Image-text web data
"""

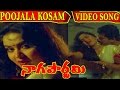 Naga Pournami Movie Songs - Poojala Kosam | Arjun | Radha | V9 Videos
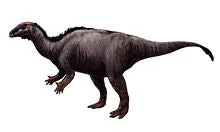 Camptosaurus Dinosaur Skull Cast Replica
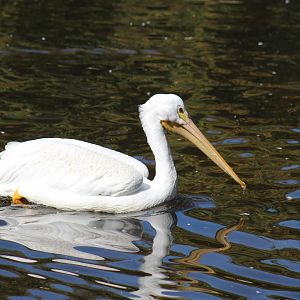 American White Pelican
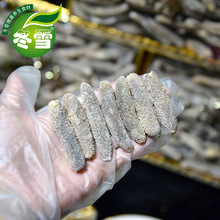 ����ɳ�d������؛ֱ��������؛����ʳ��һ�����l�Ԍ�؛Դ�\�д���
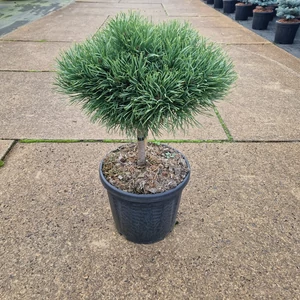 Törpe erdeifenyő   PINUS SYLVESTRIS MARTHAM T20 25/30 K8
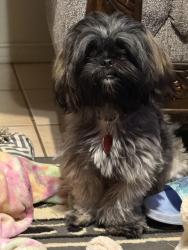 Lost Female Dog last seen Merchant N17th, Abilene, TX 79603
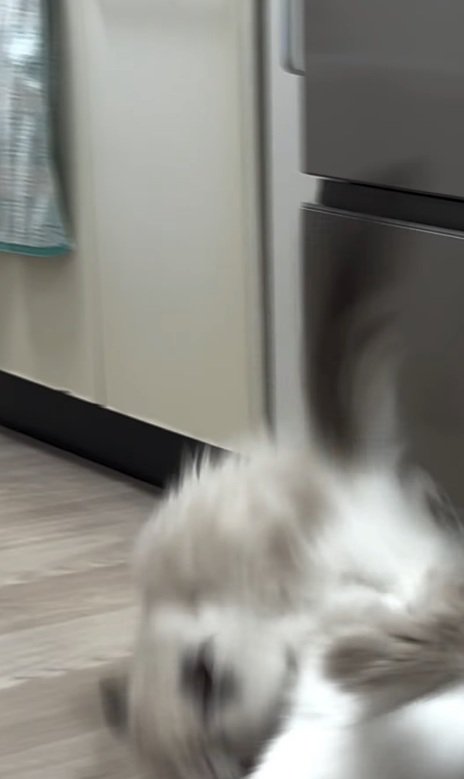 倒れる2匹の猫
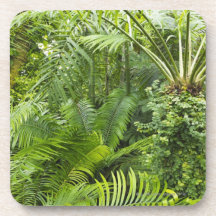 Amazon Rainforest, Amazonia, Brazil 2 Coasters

"""
"""

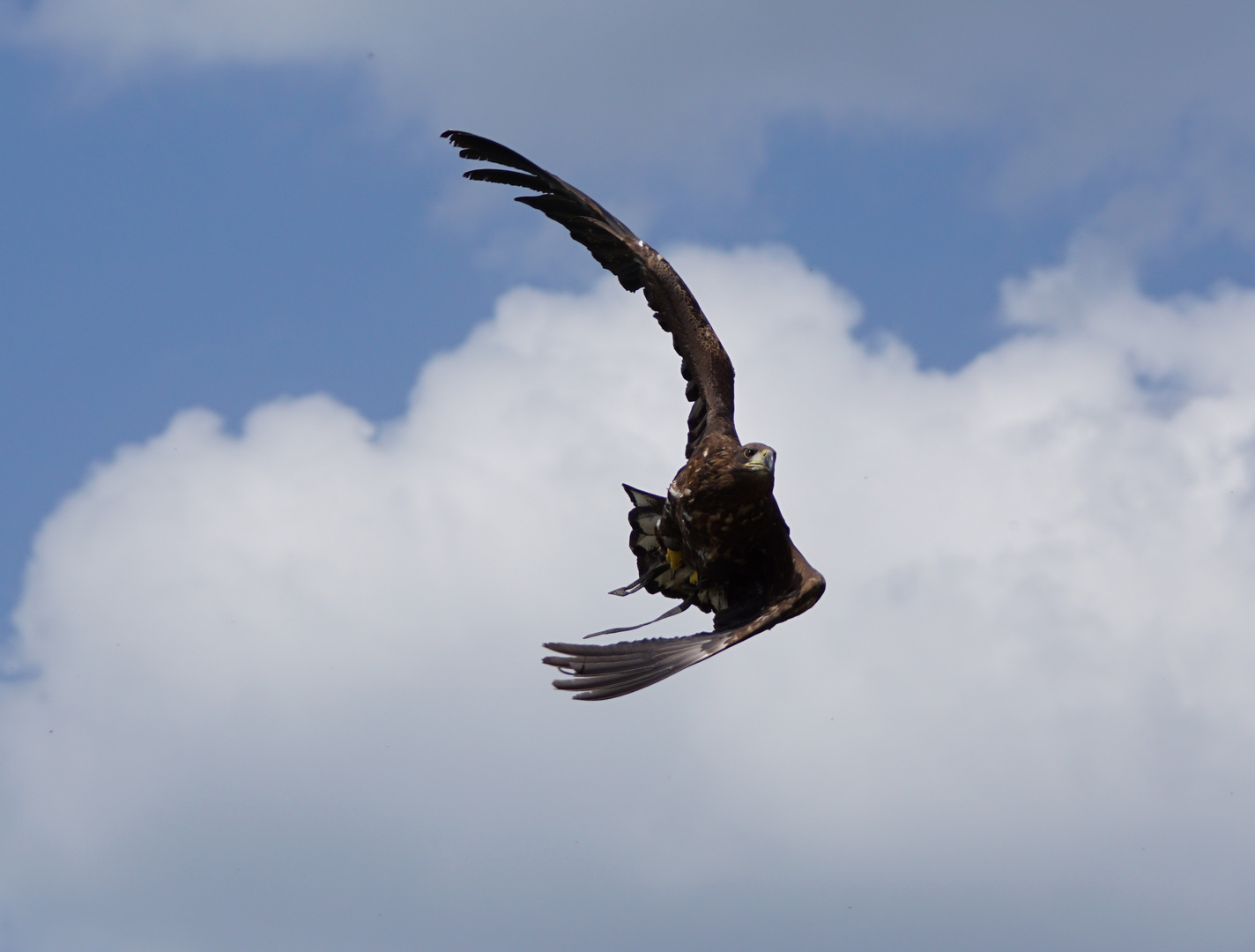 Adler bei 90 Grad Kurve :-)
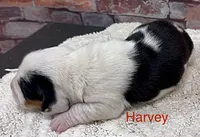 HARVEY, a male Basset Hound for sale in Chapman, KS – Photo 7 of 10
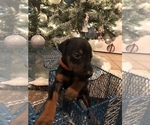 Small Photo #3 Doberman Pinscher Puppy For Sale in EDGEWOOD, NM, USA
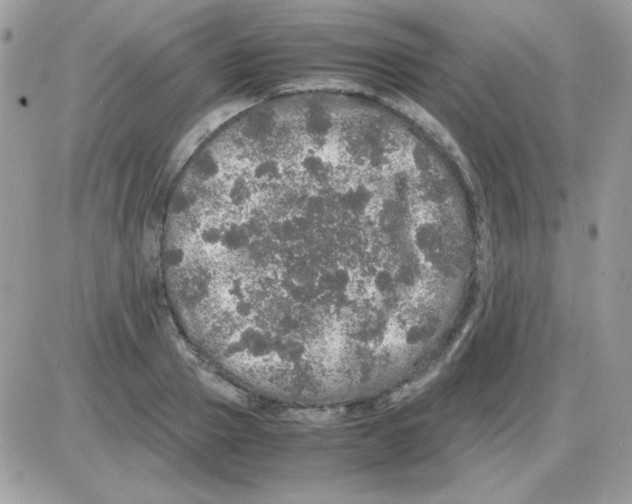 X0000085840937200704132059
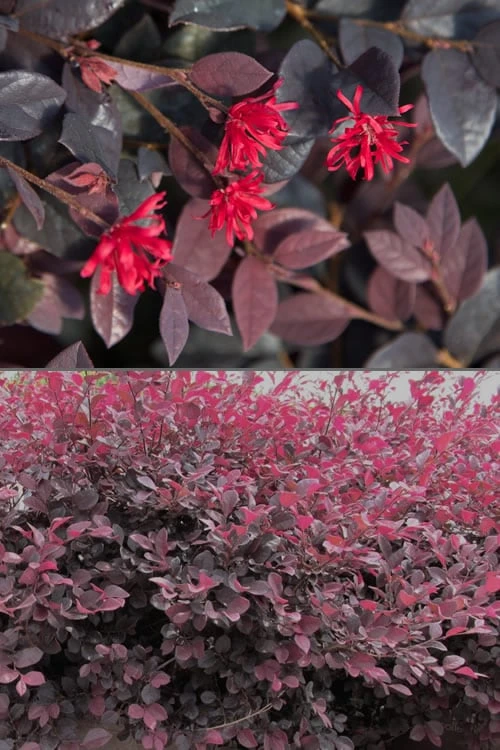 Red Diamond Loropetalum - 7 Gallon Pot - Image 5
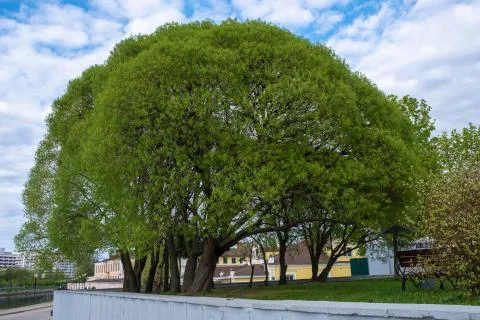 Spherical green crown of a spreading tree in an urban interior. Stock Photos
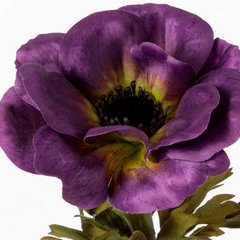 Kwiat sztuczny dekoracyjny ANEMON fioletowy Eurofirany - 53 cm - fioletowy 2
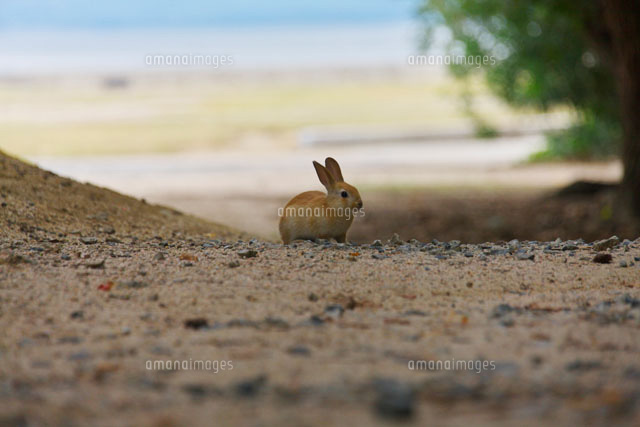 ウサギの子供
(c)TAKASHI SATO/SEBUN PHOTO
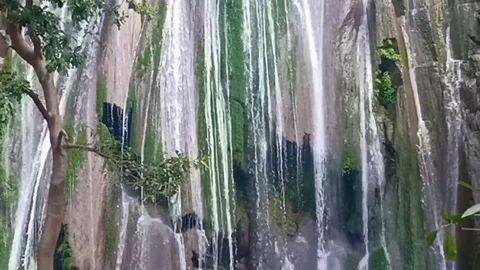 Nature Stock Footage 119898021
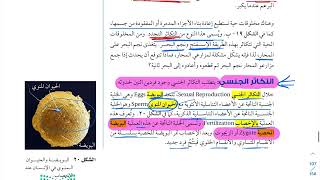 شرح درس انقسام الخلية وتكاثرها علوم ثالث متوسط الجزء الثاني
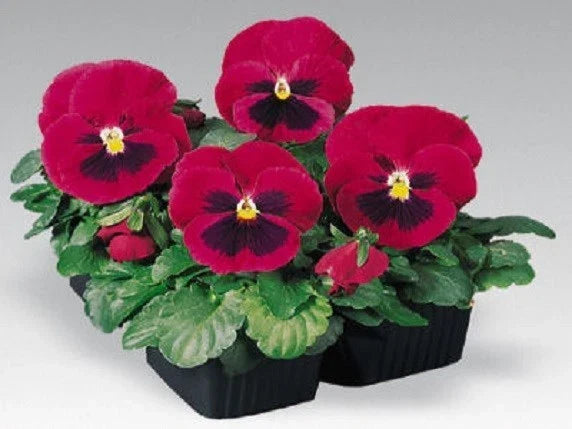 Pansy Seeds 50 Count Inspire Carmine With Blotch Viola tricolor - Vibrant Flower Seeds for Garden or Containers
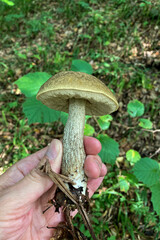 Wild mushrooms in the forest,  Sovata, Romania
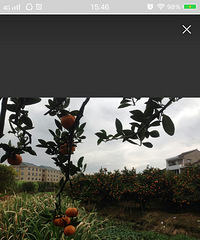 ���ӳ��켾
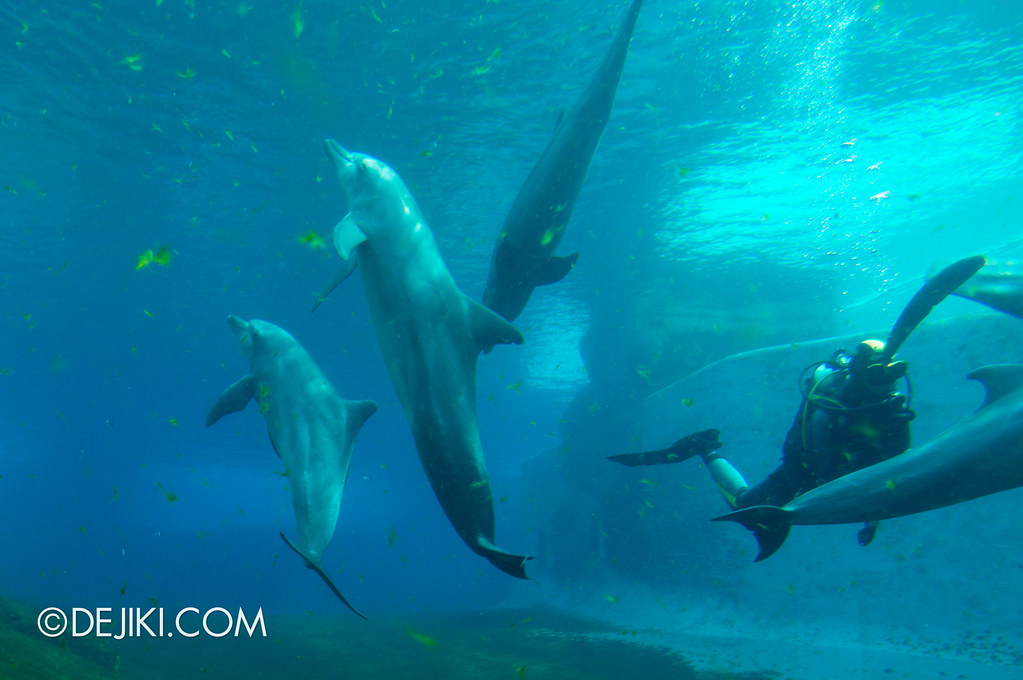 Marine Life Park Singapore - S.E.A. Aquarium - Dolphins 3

"""

Work task —
In the entries above, every line from the line with "Nature Stock Footage 119898021" to the line with "Marine Life Park" is to be printed exactly, with both ends included and pictures excluded.

Answer box —
 Nature Stock Footage 119898021
 شرح درس انقسام الخلية وتكاثرها علوم ثالث متوسط الجزء الثاني
 Pansy Seeds 50 Count Inspire Carmine With Blotch Viola tricolor - Vibrant Flower Seeds for Garden or Containers
 Wild mushrooms in the forest,  Sovata, Romania
 ���ӳ��켾
 Marine Life Park Singapore - S.E.A. Aquarium - Dolphins 3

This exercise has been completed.